Reading Reitter’s book, I occasionally had the suspicion that the author was himself writing a feuilleton. He writes colloquially but not clearly. (A short story “got [Thomas] Mann into some hot water”; a scholar who tries to define Jewish self-hatred “isn’t yet ready to give up on up on the phrase,” though others have “moved on.”) “Notwithstanding various differences, [contemporary scholar Shulamit] Volkov sounds quite a bit like Lessing channeling Kuh as she works with ‘Jewish self-hatred’”: That already confusing sentence actually appears in the first third of the book, before any sustained discussions of either Kuh or Lessing have been broached. Hyperbolic questions punctuate the narrative. One chapter, discussing Lessing’s rejection of Freud’s theory of the Oedipus Complex on the grounds that he hated his mother, too, begins by asking, “Could there be a sadder objection to psychoanalysis?” The question suggests Reitter has not talked to many neurotics.

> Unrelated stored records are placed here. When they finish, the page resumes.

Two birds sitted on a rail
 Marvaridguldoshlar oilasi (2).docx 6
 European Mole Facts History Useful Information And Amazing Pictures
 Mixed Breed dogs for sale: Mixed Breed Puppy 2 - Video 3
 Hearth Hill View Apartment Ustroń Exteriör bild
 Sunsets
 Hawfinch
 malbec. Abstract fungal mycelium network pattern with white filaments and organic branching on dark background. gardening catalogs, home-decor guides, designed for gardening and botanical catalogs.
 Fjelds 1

To make sense of this book thus requires talmudic focus and concentration. “The Anti-Journalist” was well organized; perhaps the narrowness of a quasi-biographical subject helped. “On the Origins” hints at a way of making sense of Jewish difference, exile and the odd position of post-emancipation Jewry that is different from the well-known options. But this message is likely to be badly misunderstood by all but the most devoted readers (An early reviewer fallaciously likened Reitter to the horrid, Israeli-born anti-Semite Gilad Atzmon.) To borrow (and slightly distort) one of the reactions to Kuh’s 1921 book, “Jews and Germans”: “What good is all the wit in the world if you’re only talking to five acquaintances?”
Raphael Magarik is a freelance writer, luftmensch and soon-to-be Dorot fellow in Israel.